世界は世界へ弾け跳ぶ

 

 当たり前のことだが、ドイツの美術館にはドイツの画家の絵がたくさんある。最初はあれもこれもと、ヘトヘトになるまでゴチャゴチャに観るのだが、そのうちに自分のなかで体系立ってくる。画家の名前、その画家の画風なども、自然に憶わって(これ、名古屋弁)くる。
 で、相棒が最初に憶えたのが、コリントという画家だった。コリントの絵はそれくらい強烈なものがある。

 ロヴィス・コリント(Lovis Corinth)は、マックス・リーバーマン、マックス・スレーフォークトと並ぶ、ドイツ印象派を代表する画家。が、この人の絵は、印象派と呼ぶには落ち着かない。表現主義の先駆者ともされるが、むしろ表現主義そのものと言ってしまったほうが、すっきりする。
 彼の絵が印象派的な明るさを越えているのは、白色を多く使うからかも知れない。黒も平気で使う。しかも筆遣いが粗い。粗すぎる。やけくそのようにすら見える。総じて画面は、ぎらぎらと眩しい。

 解説によれば、コリントは、当時東プロイセン領だったタピアウ(現ロシア領グヴァルジェイスク)の生まれ。早くから絵の才能を見せ、ミュンヘンで絵を学んだ。
 この頃のミュンヘンは、パリに比肩するアバンギャルドの地。コリントは、バルビゾン派の流れを汲む自然主義絵画に共鳴していたが、パリから戻ってくると、さっさとアカデミーを見限り、分離派運動に参加。この時期は画家としてよりも、大酒飲みとして知られていたという。絵描きって一体……

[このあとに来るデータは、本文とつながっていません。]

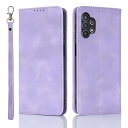 Galaxy A32 5G ケース Galaxy A32 ケース ギャラクシーa32 ケース scg08 手帳型 ストラップ カバー 耐衝撃 ドコモ docomo サムスン samsung カード収納 SoftBank レザー スエードの質感-パープ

 やがてベルリンへと移り、女性に門戸を開いた美術学校を設立。20歳以上年下の、その最初の生徒シャルロッテと結婚する。このあたり、カンディンスキーとミュンターを思い出すが、彼らはパートナーとしてうまくいったらしい。
 が、脳卒中で左半身不随に。

 けれども、妻の献身的な助力もあって、彼は一年経たずに右手で絵筆を取るようになる。以降、後半生、彼の絵はどんどん崩れていく。あるいは解き放たれていく。まるで脳味噌が壊れたように(って壊れたんだけど)、主情的とか激情的とかと形容される色遣いと筆遣いで、描く、描く、どんどん描く。

 コリントは終生、いろんな主題を描いた。ミューズである若妻らとの家庭の情景、彼らと暮らしたバイエルン・アルプスの麓のヴァルヘン湖畔の風景、聖書や神話、そして、毎年誕生日に自省のために描いたという、骸骨を連れたりヌードの奥さんを抱いたり、鎧を着たりした自画像。
 どれも奇態で荒々しく、けれども現実感がある。子供時代、未亡人の迷信深い伯母が好んで語った怪奇談が彼に育んだ、独特のイマジネーションと「デモニアック(demoniac)なユーモア」が現われている。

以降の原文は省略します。